Distributions of participant statistics

Packages: dplyr, tidyr, ggplot2


Central tendency (e.g., mean, median) and variability (e.g., standard deviation) metrics of participants can be important pieces of information to investigate between-subjects differences. It is also important information regarding the items collection: are participants responding similarly? is there a lot of variability? Hence, rather than investigating raw values (see ), we can compute the means or the standard deviations (e.g., standard deviation) for a specific variable of interest and for each participant. One of the best ways to investigate those statistics is to plot them into distribution plots. As in the Distribution plots section, we can plot one or multiple variables at once.

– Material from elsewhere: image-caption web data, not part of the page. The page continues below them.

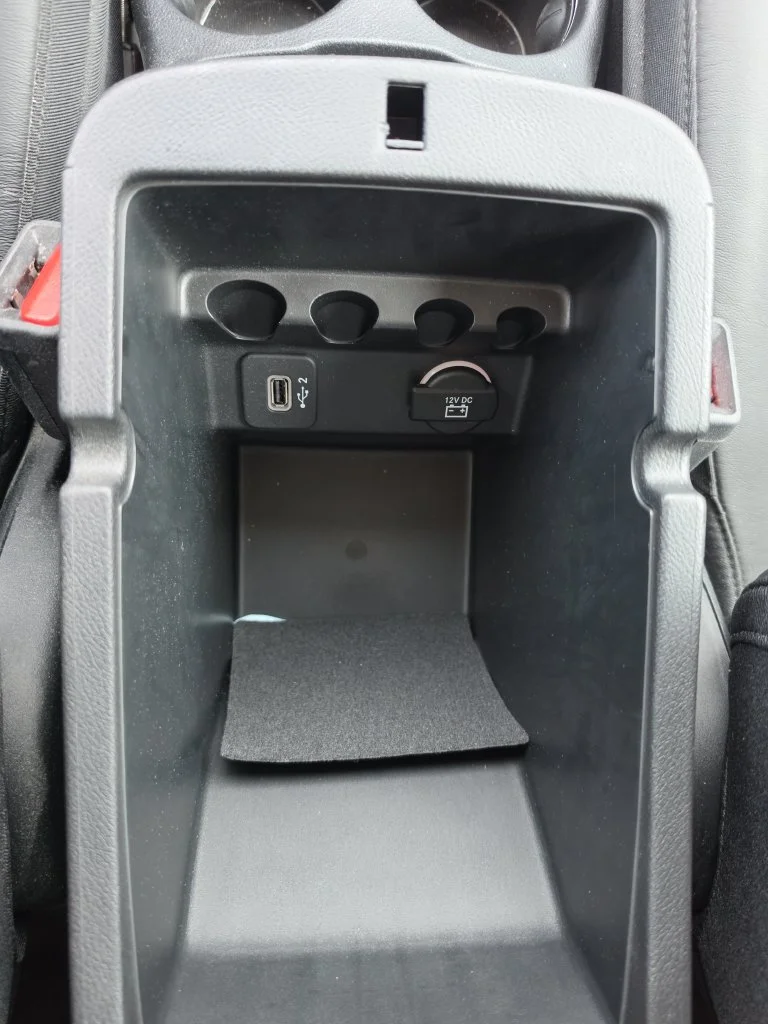 Used 2020 Gray Jeep Limited image 27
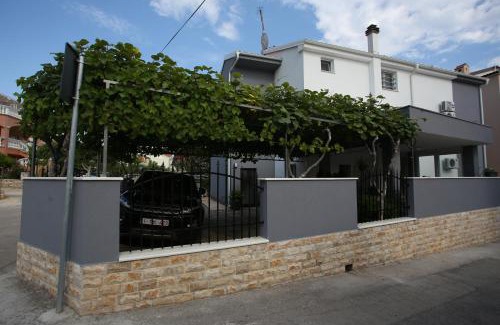 Vodice Apartment | Apartmani Toni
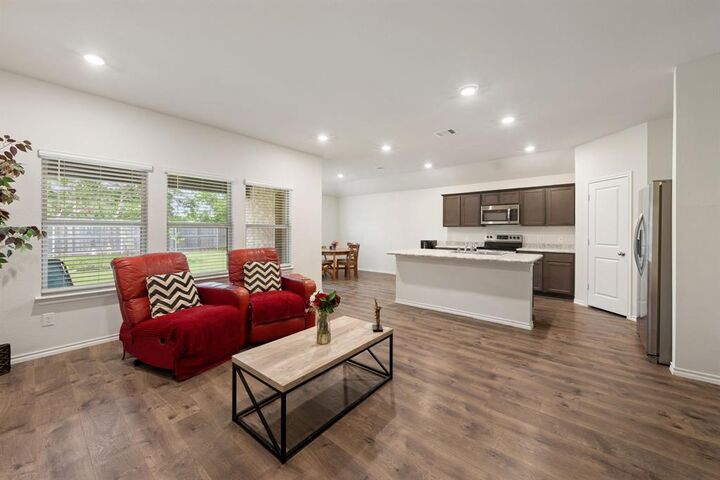 Property Photo:  816 Willow Lane  TX 75189 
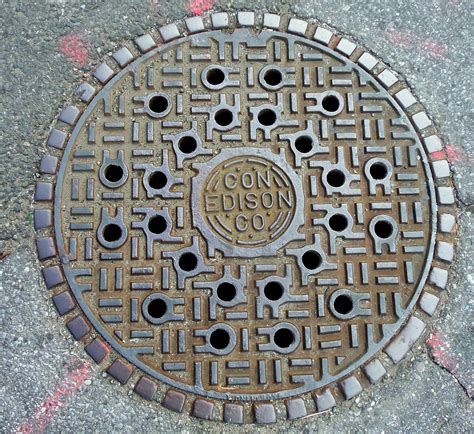 manhole-cover-con-edison-co-29 – stephenesherman.com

Going a step further, we can merge the distributions plots together to have the distributions of the means and the standard deviations side by si de.

data %>%
    group_by(id) %>%
    summarise(PA1_mean = mean(PA1, na.rm=TRUE),
              PA1_sd = sd(PA1, na.rm=TRUE)) %>%
    gather(variable, value, PA1_mean:PA1_sd) %>%
    ggplot(aes(x=value)) +
        geom_histogram()+
        facet_grid(.~variable)

Finally, instead of illustrating distributions, we can create a plot that clearly presents the mean and standard deviation for a specific variable for each participant. We propose two versions of the plot, organizing participants based on:

  • their id number.
  • the values of their mean (or standard deviation) for PA.

marge = 1.5
data %>%
    group_by(id) %>%
    summarise(mean_PA1 = mean(PA1, na.rm=TRUE),
              sd_PA1 = -sd(PA1, na.rm=TRUE)) %>%
    gather(variable, value, mean_PA1:sd_PA1) %>%
    separate(variable, c("stats", "variable"), "_") %>%
    mutate(PA = ifelse(stats=="mean", value, value),
           id = as.factor(id)) %>% 
    ggplot(aes(x=PA, y=id, fill=stats)) +
        geom_col() +
        annotate(geom = "rect", xmin = -marge, xmax = marge, 
                 ymax = Inf, ymin = -Inf,
                 fill = "#ffffffb0") +
        annotate(geom = "text", x = 0, size=2,
                 y = levels(factor(data$id)), 
                 label = levels(factor(data$id))) +
        theme_bw() +
        theme(axis.text.y = element_blank(),
              axis.title.y = element_blank(),
              axis.ticks.y = element_blank(),
              panel.grid.major.y = element_blank(),
              plot.title = element_text(size = 16, hjust = 0.5))